Abdullah Gül, Başbakanlık koltuğuna oturduğu ilk günlerde devletteki kadro şişkinliğinden şikâyet etmiş... Sadece kendi özel kaleminde 80 kişinin çalışmasını buna örnek olarak göstermişti... O günden bu yana yaklaşık 4 ay geçti... Gül koltuğunu geçenlerde Recep Tayyip Erdoğan’a devretti. Peki, aradan geçen süre içinde kadro meselesi... Özellikle de Başbakanlık’ta kadroların durumu mu? "İçeriden" bir dostumuza kulak veriyoruz.
- Gelen gideni aratırmış, bu defa da öyle oldu. Bunlar, şişkin dedikleri Başbakanlık kadrolarına, 18 Kasım 2002 ile 14 Mart 2003 tarihleri arasında, 42’si naklen, 20’si açıktan olmak üzere tam 62 atama yaptılar. Hem de kimleri..?
- Kimleri?
- Basın Halkla İlişkiler Müşavirliği’ne onlarca kişi aldılar ama bir - ikisi hariç hiçbirinin gazetecilikle ilgisi yok. Ben sadece üç örnek vereyim; dosyalarındaki bilgiye göre A.S. daha önce Sivas Belediyesi’nde çalışıyormuş, A.Ç. Tarım Bakanlığı’nda memurmuş, K.T. Hayvanat Bahçesi gişe memuruymuş.
- Başka?
- Basın Halkla İlişkiler Müşavirliği kadrosuna açıktan atadıkları isimlerden biri de D.A. Mesleği, jeomorfolog, yaşı 64. Bir taraftan emeklilik yaşını 65’ten 61’e indireceksiniz, öte yandan sırf kendi adamınız diye 64 yaşındaki bir kişiyi devlete alacaksınız. Sizin ciddiyetinize kim inanır?

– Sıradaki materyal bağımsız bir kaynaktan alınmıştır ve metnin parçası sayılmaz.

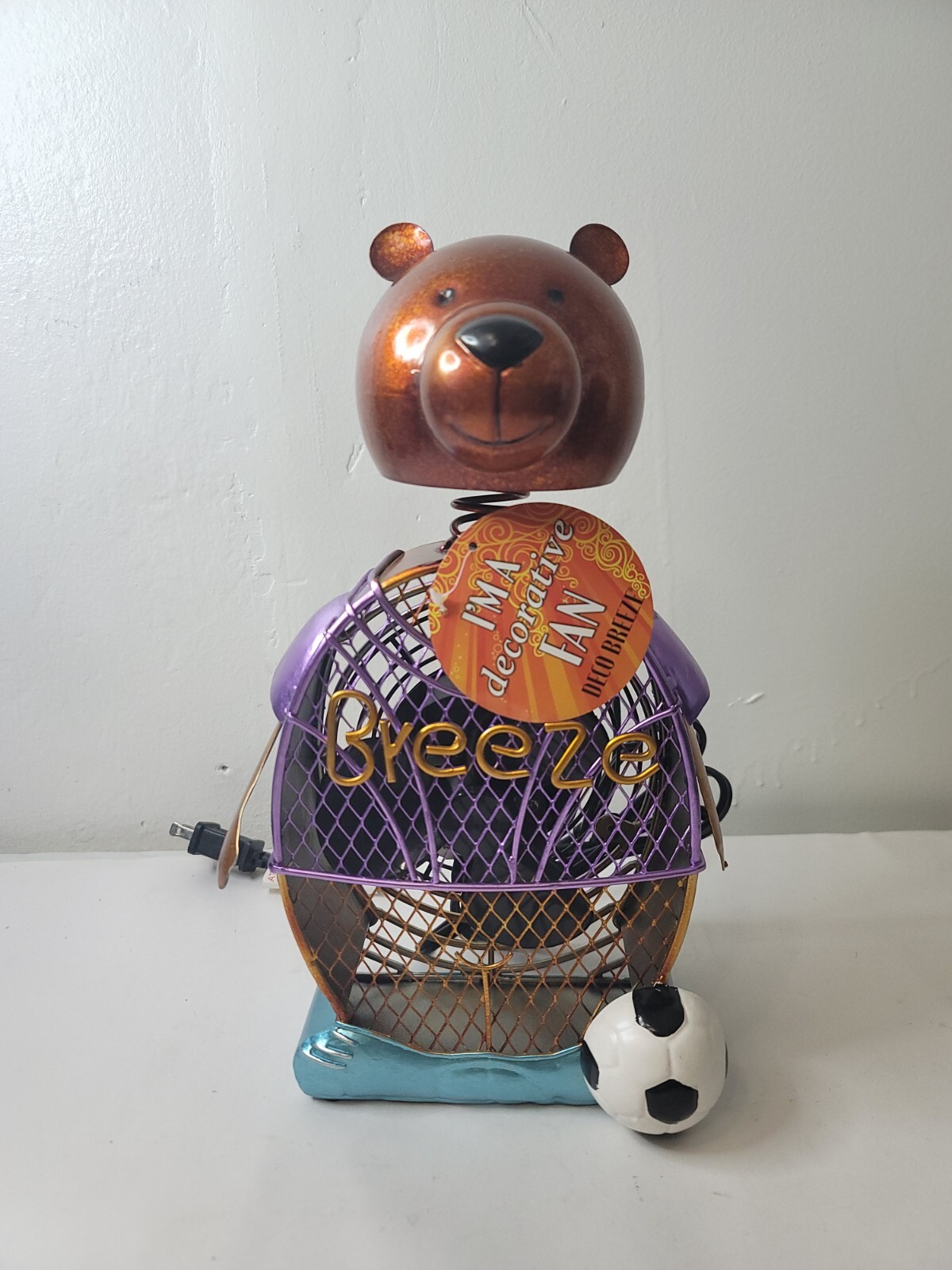 Mini Bobblehead Bear Fan with Soccer Ball - Decorative Breeze-image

Başkan Bush, Saddam rejimi yıkıldığı takdirde Irak’ın kontrolünü BM’ye bırakmayacakmış. Afganistan’da petrol olsa orayı da BM’ye bırakmazdı.

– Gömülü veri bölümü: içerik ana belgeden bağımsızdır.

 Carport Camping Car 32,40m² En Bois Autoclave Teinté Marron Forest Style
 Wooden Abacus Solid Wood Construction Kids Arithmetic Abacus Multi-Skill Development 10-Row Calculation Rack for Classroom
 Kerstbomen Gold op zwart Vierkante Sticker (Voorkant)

Süleyman Demirel kanal kanal dolaşıp ikinci tezkerenin reddini eleştiriyor, Amerika’nın yanında yer almamız gerektiğinden dem vuruyor.
Bir asker annesi mesaj göndermiş. Diyor ki:
- Yahya’lar, Murat’lar ve onlar gibileri memleketi hortumlamasaydı Amerika’nın önünde bu kadar ezilmez, beş on kuruş alacağız diye evlatlarımızı savaşa sürüklemek için bu kadar çaba sarf etmezdik.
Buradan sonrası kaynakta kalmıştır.